Issue 10 – “Top 10 Lessons Learned From Implementing COSO 2013” (4/2015)
Implementing the updated COSO Internal Control – Integrated Framework has been an important endeavor for many public companies in their efforts to comply with SOX Section 404. The SEC requires companies to use a “suitable framework” as a basis for evaluating the effectiveness of internal control over financial reporting, as outlined in Section 404, and the COSO Framework meets that criteria. A strong majority of issuers have completed the transition from the 1992 version to the 2013 version. Much has been learned from the experience of these issuers. In this issue of The Bulletin, we share 10 important lessons learned from these successful implementations.
Issue 11 – “Does Your Organization Face Change With Confidence?” (7/2015)
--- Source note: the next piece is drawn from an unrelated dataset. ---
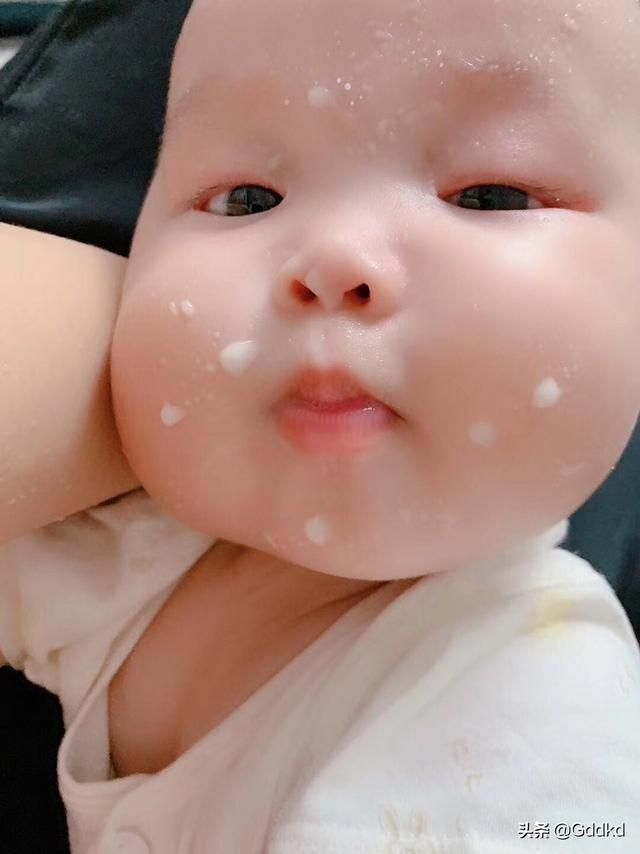 生产后恶露是什么颜色:产后恶露有哪些属于异常，需要及时就医？月经和恶露有什么区别？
In a global survey involving 275 board members and executives across a broad range of industries, one of the top 10 risks cited by respondents was that resistance to change may restrict an entity’s ability to make necessary adjustments to its business model and core operations. In a rapidly evolving business environment, executive management and the board of directors need to be able to face change with confidence. This issue of The Bulletin explores facing change with confidence – what it means and why it is vital to the long-term survival and prosperity of any enterprise, whether public, private or not-for-profit, and when and how it is accomplished. In doing so, this issue distinguishes between incremental change and disruptive change.
Issue 12 – “Accounting for Revenue Recognition: A New Era” (11/2015)
A new revenue recognition standard has been issued by the FASB in collaboration with the IASB. The standard’s overall objective is to achieve a comprehensive, principles-based revenue recognition model. It represents a big change because it eliminates prior industry-specific guidance on the one hand and expands revenue-related disclosures required in financial reporting on the other. More important, there is still much uncertainty about the standard’s impact. This issue of The Bulletin discusses the latest implementation timetable, potential significant accounting and reporting changes, industry implications, an approach for getting started, and a transition road map.